Andy Test - Bcsh Guideline On Massive Transfusion

The statement is true because coagulation factor deficiency, which is the primary cause of coagulopathy in massive transfusion, can occur due to dilution of the coagulation factors by volume replacement therapies such as crystalloids and colloids. Additionally, transfusion of red cell products can also contribute to this deficiency. Therefore, both volume replacement therapies and red cell transfusions can lead to coagulation factor deficiency and subsequent coagulopathy in the context of massive transfusion.

Recombinant factor VIIa, which is licensed for use in haemophiliacs, can be used off-licence to reduce blood loss in cases of massive transfusion. However, the evidence supporting this use is only anecdotal, meaning that it is based on personal accounts rather than scientific studies. Therefore, the statement that recombinant factor VIIa can be used off-licence to reduce blood loss in massive transfusion cases is true.

The statement is true because fibrinogen plays a crucial role in blood clotting. When blood loss occurs, the body tries to compensate by increasing the production of fibrinogen to promote clot formation. However, if the fibrinogen level drops below a critical level (1.0g/l), it can lead to coagulopathy, a condition where blood clotting is impaired. Since the statement suggests that this critical level is reached after about 150% blood volume loss, it implies that a significant amount of blood loss is required to reach that point and potentially trigger coagulopathy.

Treatment of the coagulation defects consists of platelets, FFP and cryoprecipitate given “sooner rather than later” in sufficient dosage, but avoiding circulatory overload

The therapeutic goals of managing massive blood loss include using blood component therapy to correct coagulopathy and arrest bleeding, treating any traumatic, surgical, or obstetric source to arrest bleeding, and maintaining tissue perfusion and oxygenation. These goals aim to address the underlying causes of bleeding, restore normal blood clotting function, and ensure adequate oxygen delivery to tissues. Additionally, preventing the patient from being sensitized and making atypical red cell alloantibodies is not a therapeutic goal specifically related to managing massive blood loss. Ending an acute sickle crisis in patients suffering from sickle cell disease is also not directly related to managing massive blood loss.

Gluconate should not be used to correct hypocalcaemia in these cases as it required metabolism by the liver to release its calcium. Intravenous calcium chloride should be used.

50 x 109/l is the level below which platelets, in an actively bleeding patient, should not fall (to maintain haemostasis) – it is not the transfusion trigger which is 75 x 109/l (100 x 109/l in those patients with multiple high-velocity trauma or CNS injury)

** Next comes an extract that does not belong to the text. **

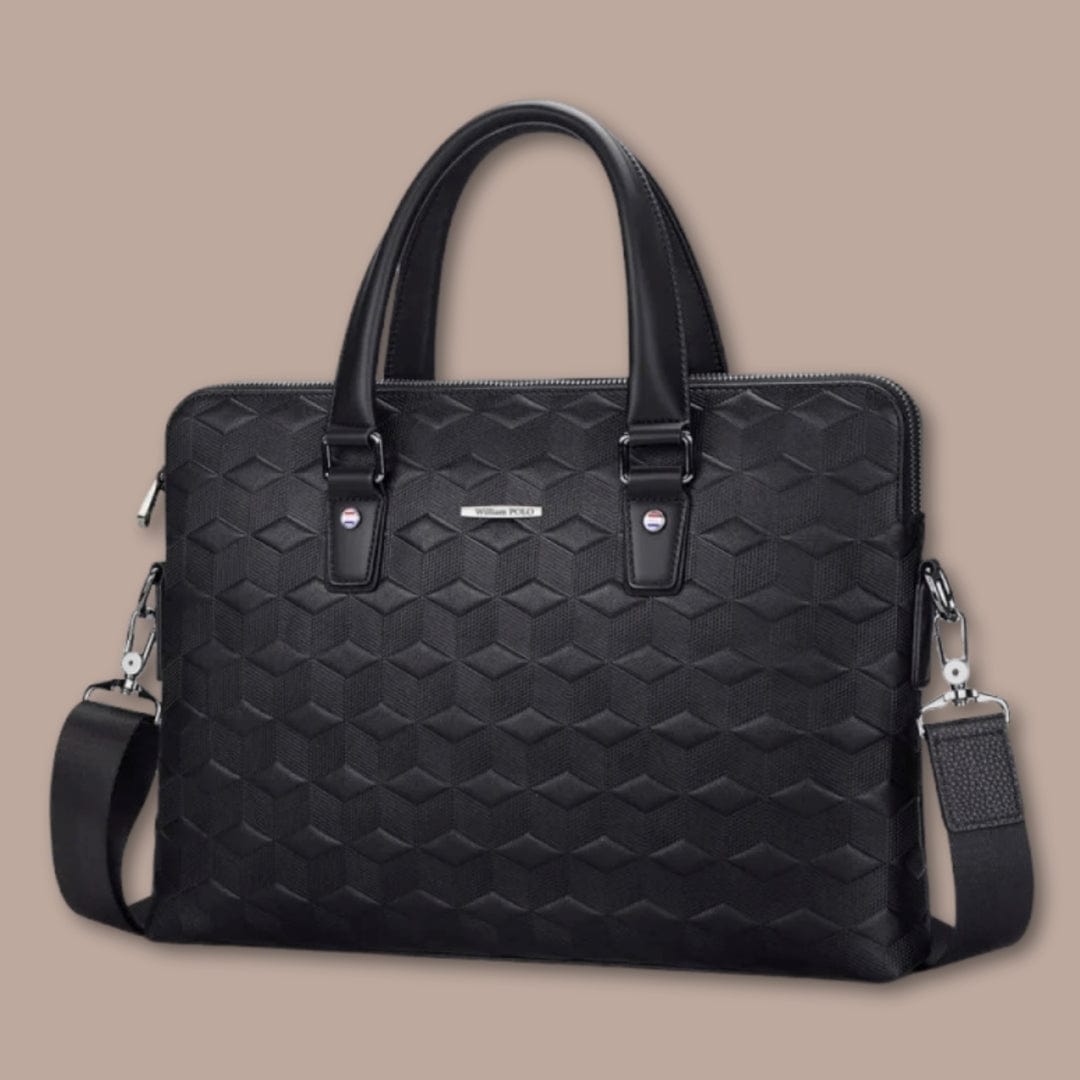 sacoche homme cuir noir 38.5cm x 27.5cm x 6.5cm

The correct answer includes the key responsibilities of the Hospital Transfusion Committee. These responsibilities involve developing an Emergency Blood Management Plan, reviewing massive transfusion episodes critically, developing protocols for the management of massive transfusions, and providing guidance on clinical priorities for the use of large volumes of blood components. These tasks highlight the committee's role in ensuring effective and safe blood transfusion practices within the hospital setting.

Massive blood loss can be defined as one blood volume within a 24-hour period, 50% of the blood volume in a 3-hour period, or blood loss of ≥ 150ml/min. These definitions indicate a significant amount of blood loss that can have severe consequences on the body's ability to maintain adequate perfusion and oxygenation.

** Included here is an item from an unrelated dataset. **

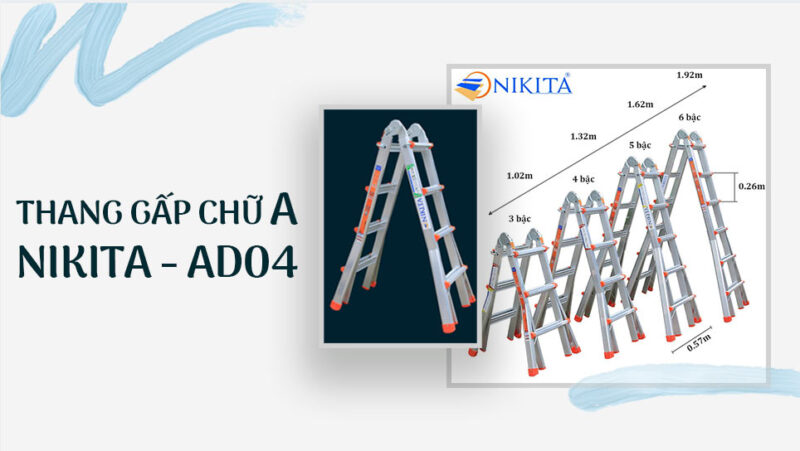 Thang gấp chữ A NIKITA AD04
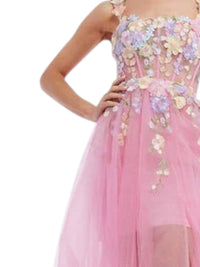 Vienna Prom - Floral Corset Stunning Overskirt Prom Gown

Group O RhD negative blood should be used in massive transfusions in an extreme emergency only, until the ABO and RhD of the patient is known. This means that if there is a situation where there is a severe and life-threatening bleeding and there is no time to determine the patient's blood type and RhD status, group O RhD negative blood can be used temporarily until the patient's blood type and RhD status are determined. Once the patient's blood type and RhD status are known, transfusions can be matched accordingly to minimize potential complications.

The statement "The over-riding first requirement is maintenance of tissue perfusion and oxygenation" is true. Tissue perfusion refers to the adequate blood flow to the tissues, ensuring that they receive enough oxygen and nutrients. Oxygenation is the process of oxygen being delivered to the tissues. Both tissue perfusion and oxygenation are crucial for the proper functioning of the body and the survival of cells. Therefore, maintaining tissue perfusion and oxygenation is indeed the primary requirement for the body.

The guideline cites acute haemolytic transfusion reaction and transfusion-related acute lung injury as particular problems associated with massive transfusion. Acute haemolytic transfusion reaction occurs when there is a mismatch between the donor and recipient blood types, leading to the destruction of red blood cells and potentially life-threatening complications. Transfusion-related acute lung injury is a rare but serious condition characterized by acute respiratory distress following a blood transfusion. Both of these hazards are highlighted in the guideline as significant concerns when performing massive transfusions.